[Data section Boundary: Start]
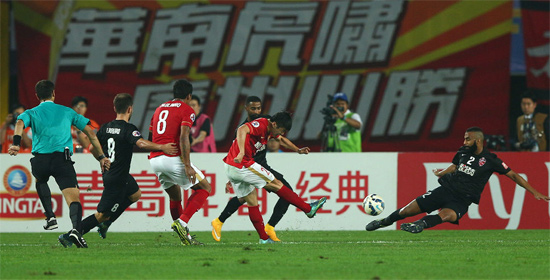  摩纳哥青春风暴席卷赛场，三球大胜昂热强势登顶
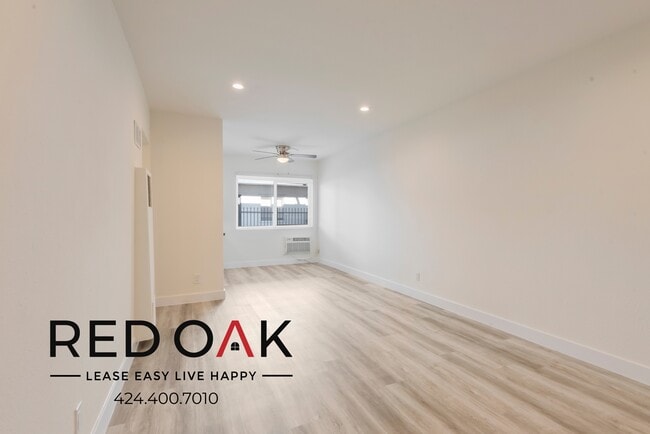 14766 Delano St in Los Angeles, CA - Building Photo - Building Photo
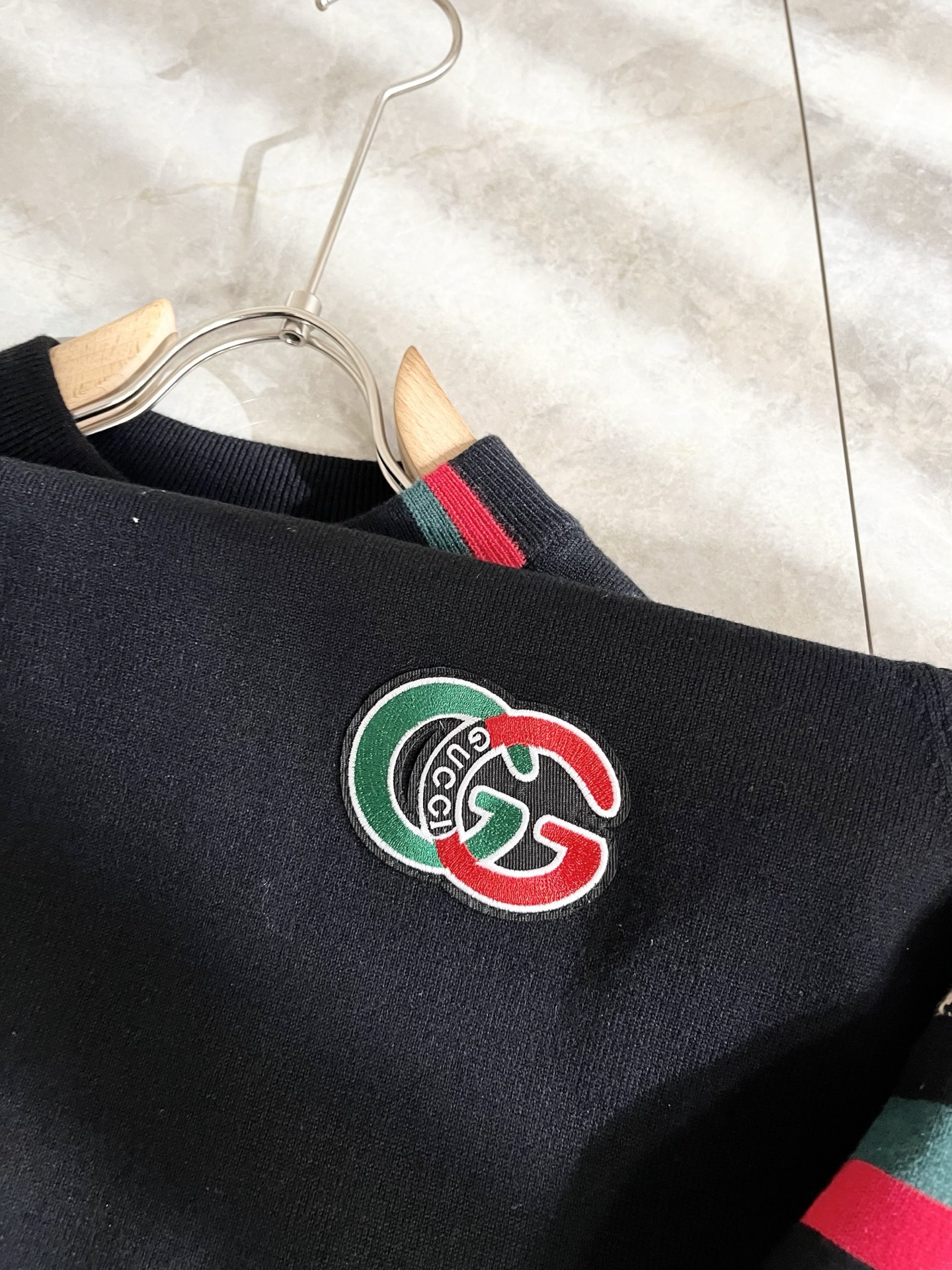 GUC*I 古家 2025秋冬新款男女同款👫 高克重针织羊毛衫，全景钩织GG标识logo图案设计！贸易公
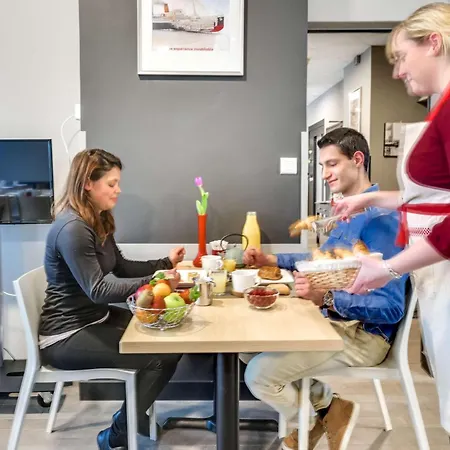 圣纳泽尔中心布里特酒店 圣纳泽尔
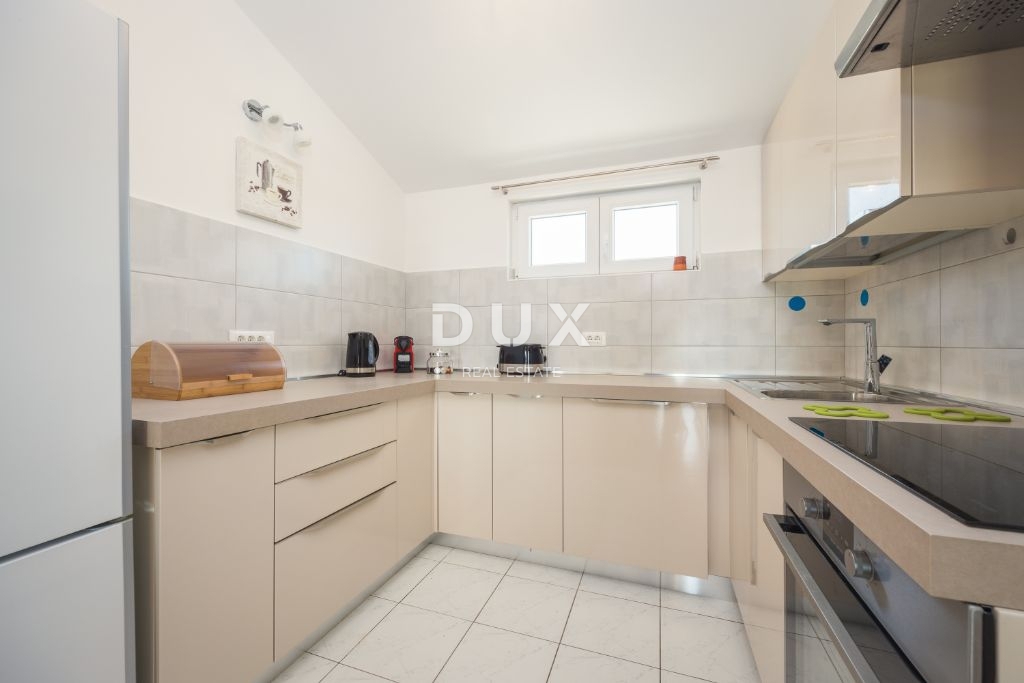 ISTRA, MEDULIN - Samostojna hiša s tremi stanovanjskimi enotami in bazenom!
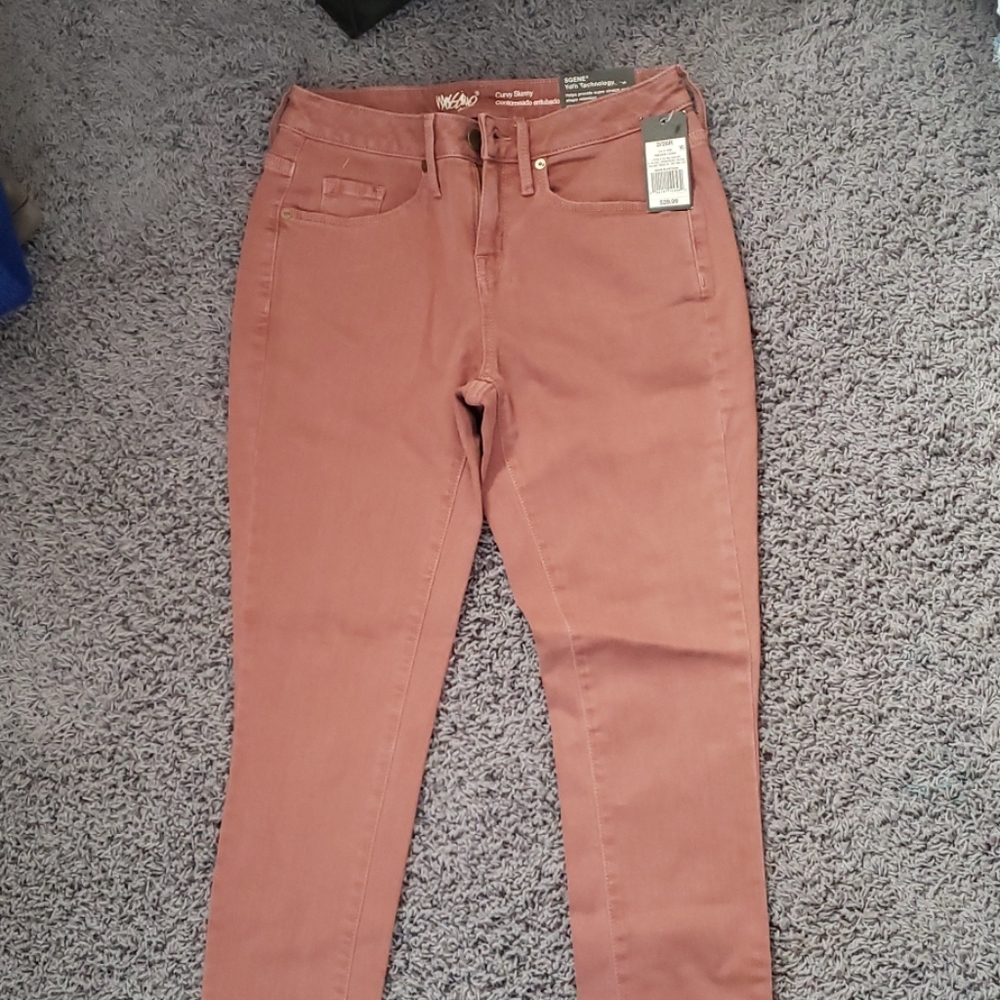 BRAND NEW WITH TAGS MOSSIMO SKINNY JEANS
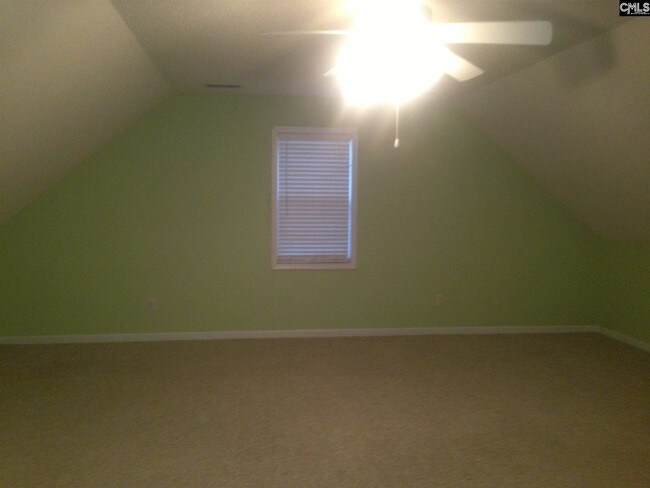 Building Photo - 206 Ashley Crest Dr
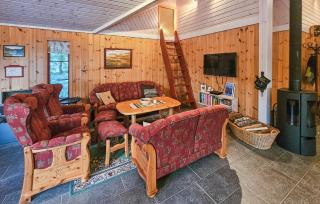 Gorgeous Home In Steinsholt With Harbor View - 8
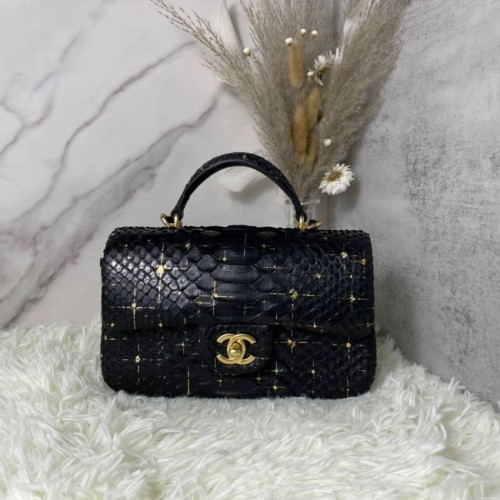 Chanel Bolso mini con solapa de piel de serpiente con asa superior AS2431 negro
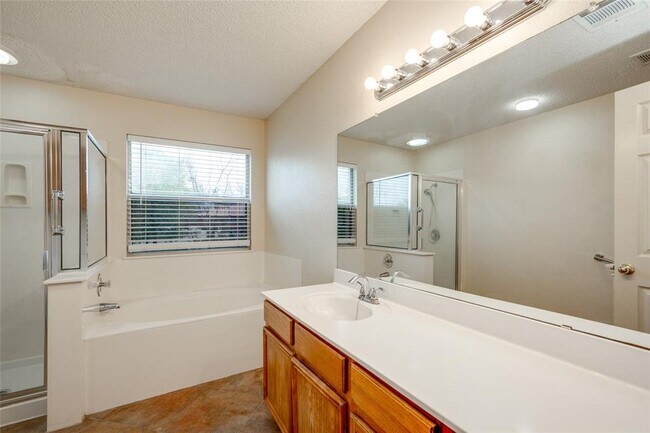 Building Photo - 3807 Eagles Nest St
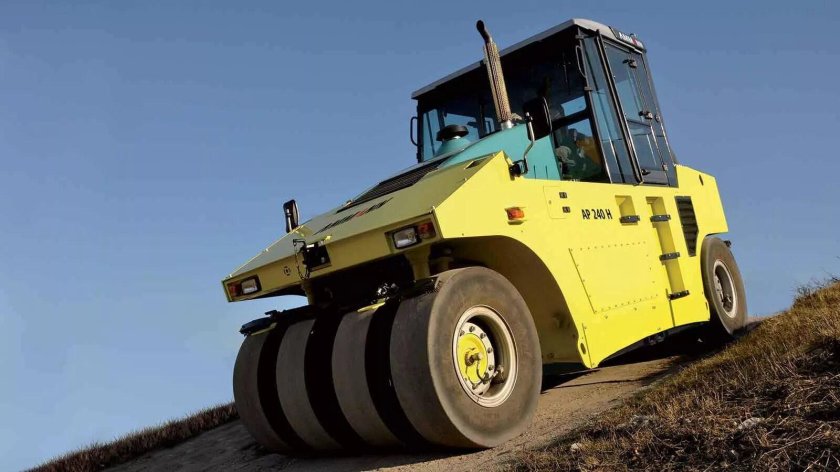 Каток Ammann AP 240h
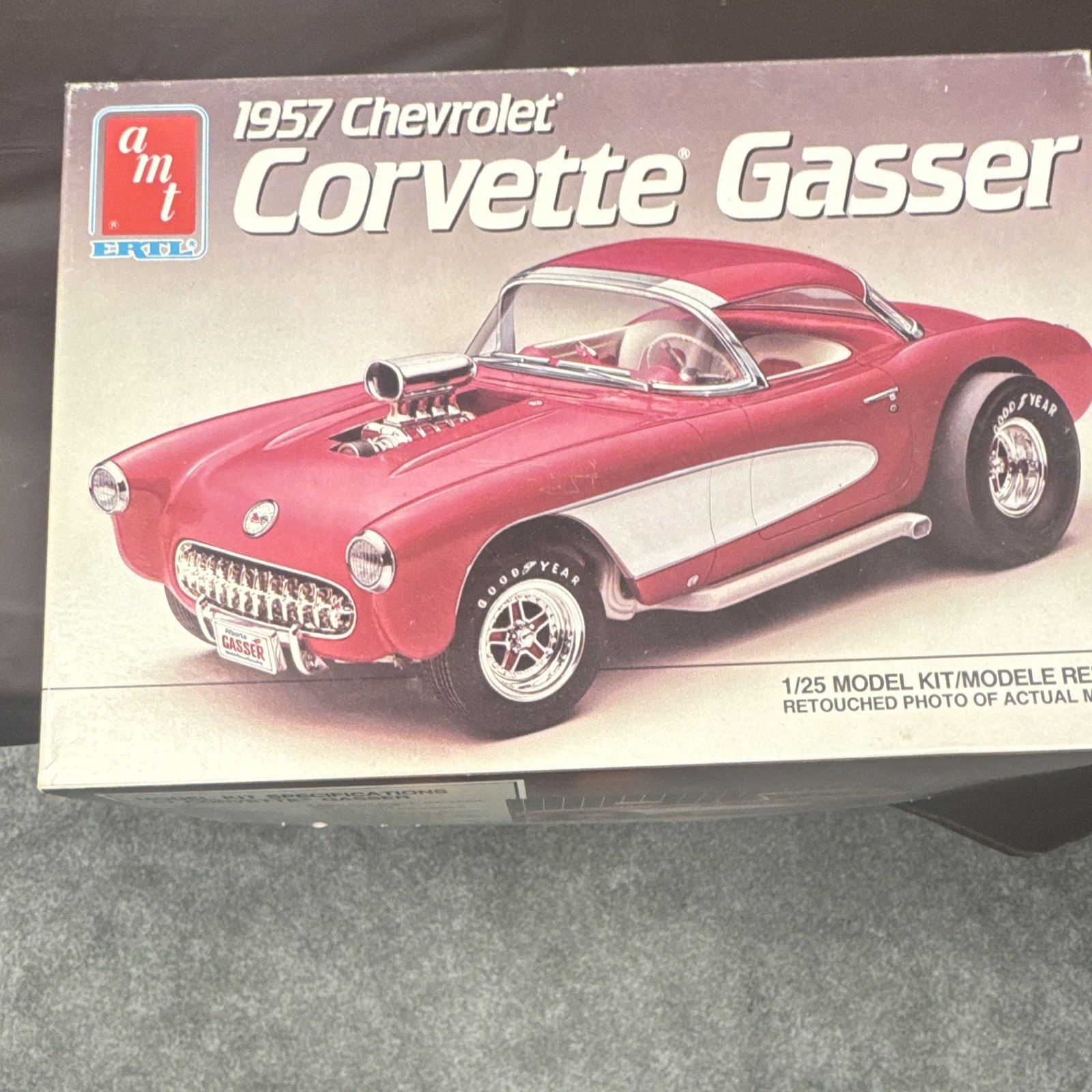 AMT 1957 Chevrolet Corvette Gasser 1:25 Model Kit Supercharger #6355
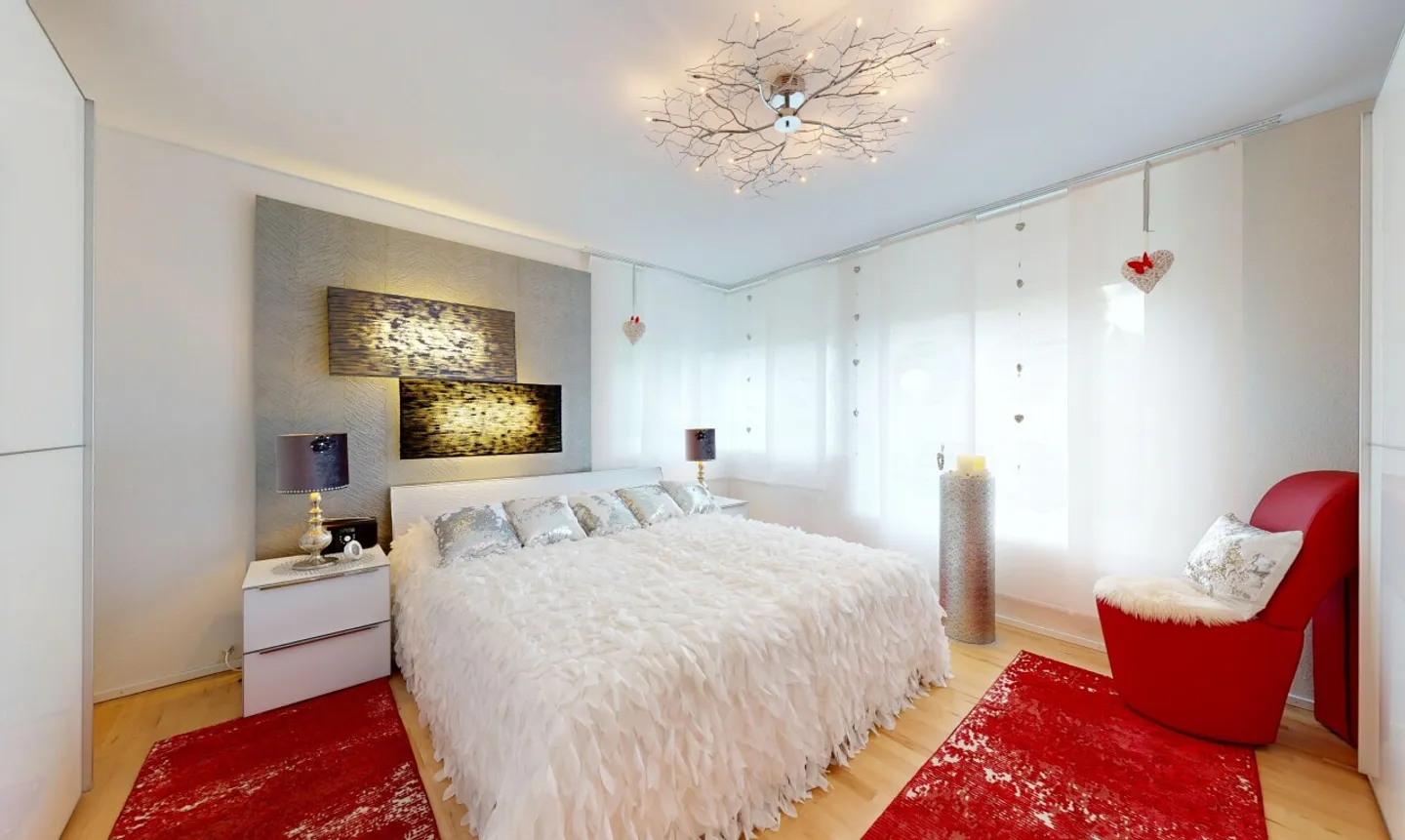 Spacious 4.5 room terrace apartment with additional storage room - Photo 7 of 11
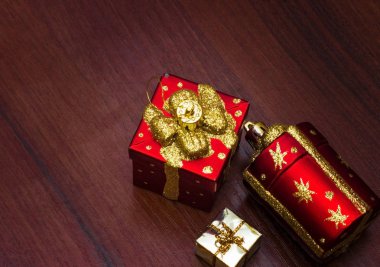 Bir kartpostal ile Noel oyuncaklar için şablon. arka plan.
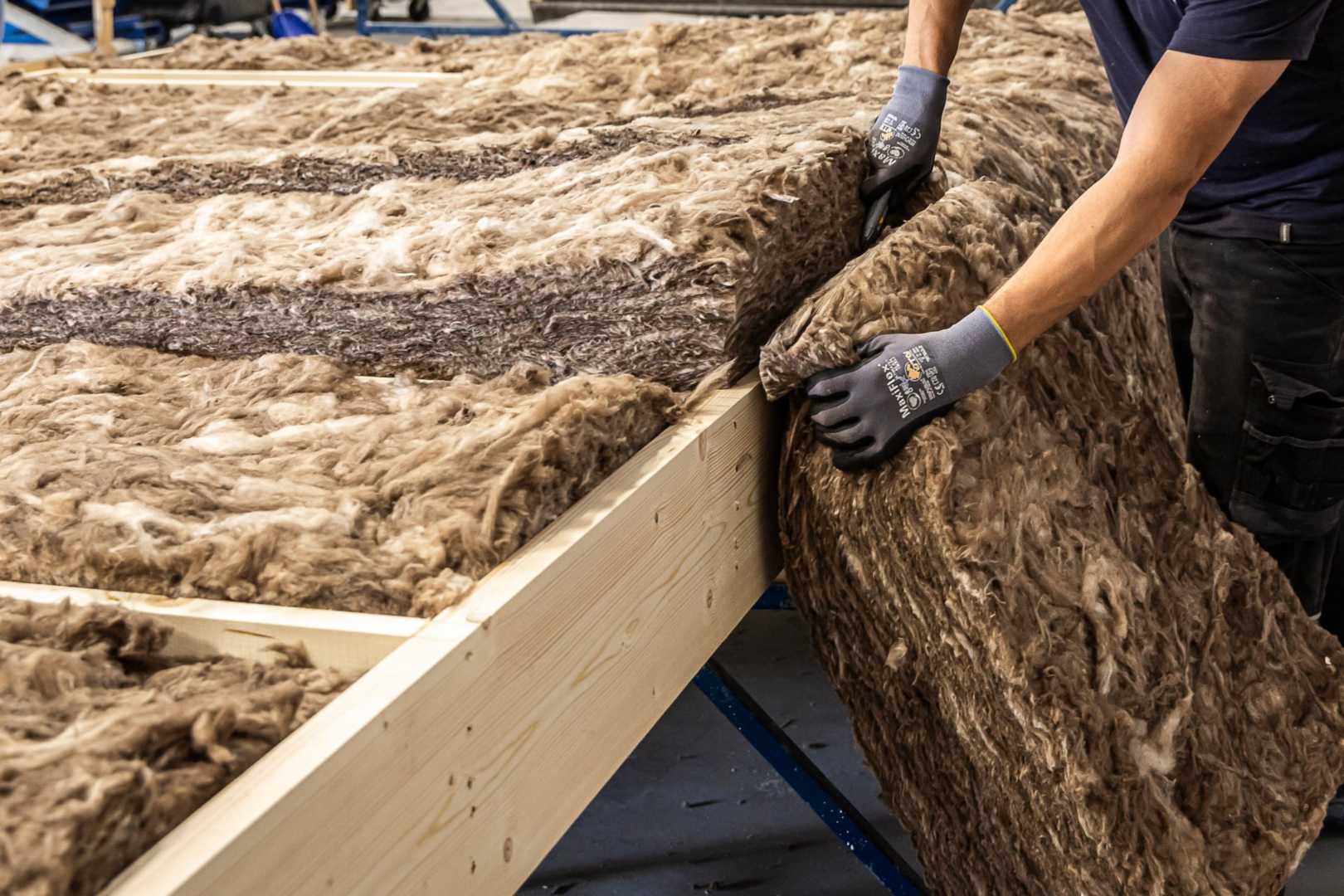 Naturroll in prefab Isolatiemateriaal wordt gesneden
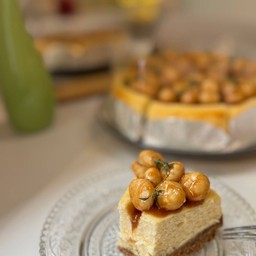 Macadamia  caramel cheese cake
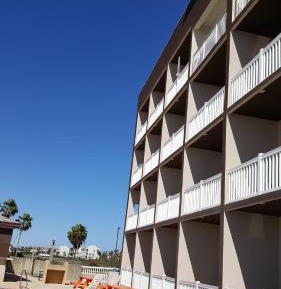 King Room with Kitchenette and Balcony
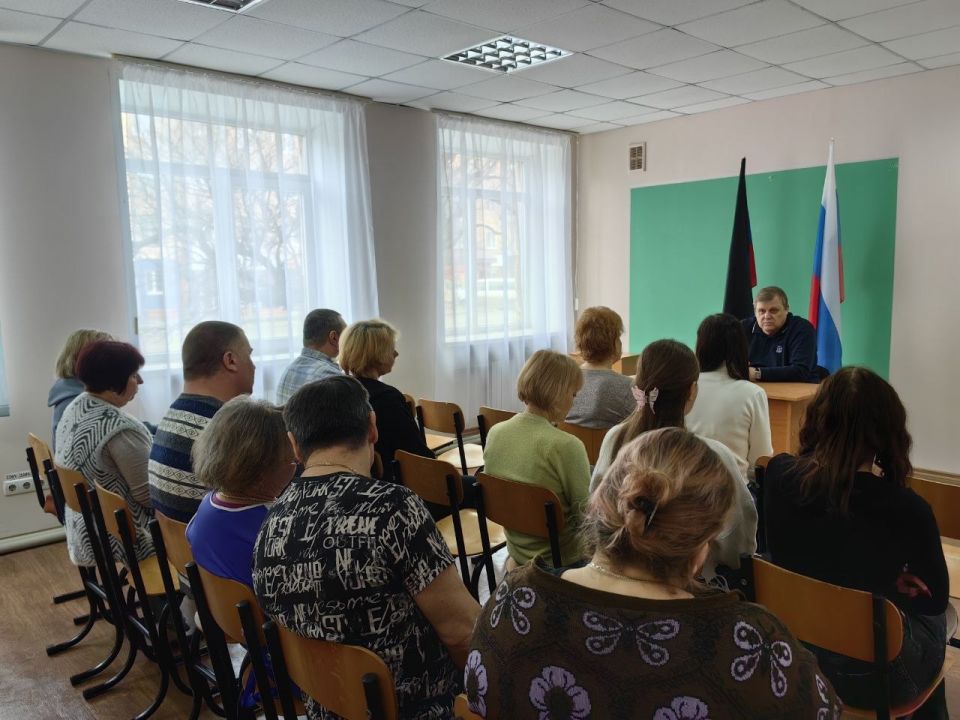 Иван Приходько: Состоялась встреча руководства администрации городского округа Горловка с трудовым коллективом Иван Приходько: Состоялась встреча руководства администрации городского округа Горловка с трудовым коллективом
[Data section Boundary: End]
— Task statement —
The copy should start at the line that contains "14766 Delano St", end at the last line of the entries above, and match each line exactly, with pictures dropped.

— Response box —
 14766 Delano St in Los Angeles, CA - Building Photo - Building Photo
 GUC*I 古家 2025秋冬新款男女同款👫 高克重针织羊毛衫，全景钩织GG标识logo图案设计！贸易公
 圣纳泽尔中心布里特酒店 圣纳泽尔
 ISTRA, MEDULIN - Samostojna hiša s tremi stanovanjskimi enotami in bazenom!
 BRAND NEW WITH TAGS MOSSIMO SKINNY JEANS
 Building Photo - 206 Ashley Crest Dr
 Gorgeous Home In Steinsholt With Harbor View - 8
 Chanel Bolso mini con solapa de piel de serpiente con asa superior AS2431 negro
 Building Photo - 3807 Eagles Nest St
 Каток Ammann AP 240h
 AMT 1957 Chevrolet Corvette Gasser 1:25 Model Kit Supercharger #6355
 Spacious 4.5 room terrace apartment with additional storage room - Photo 7 of 11
 Bir kartpostal ile Noel oyuncaklar için şablon. arka plan.
 Naturroll in prefab Isolatiemateriaal wordt gesneden
 Macadamia  caramel cheese cake
 King Room with Kitchenette and Balcony
 Иван Приходько: Состоялась встреча руководства администрации городского округа Горловка с трудовым коллективом Иван Приходько: Состоялась встреча руководства администрации городского округа Горловка с трудовым коллективом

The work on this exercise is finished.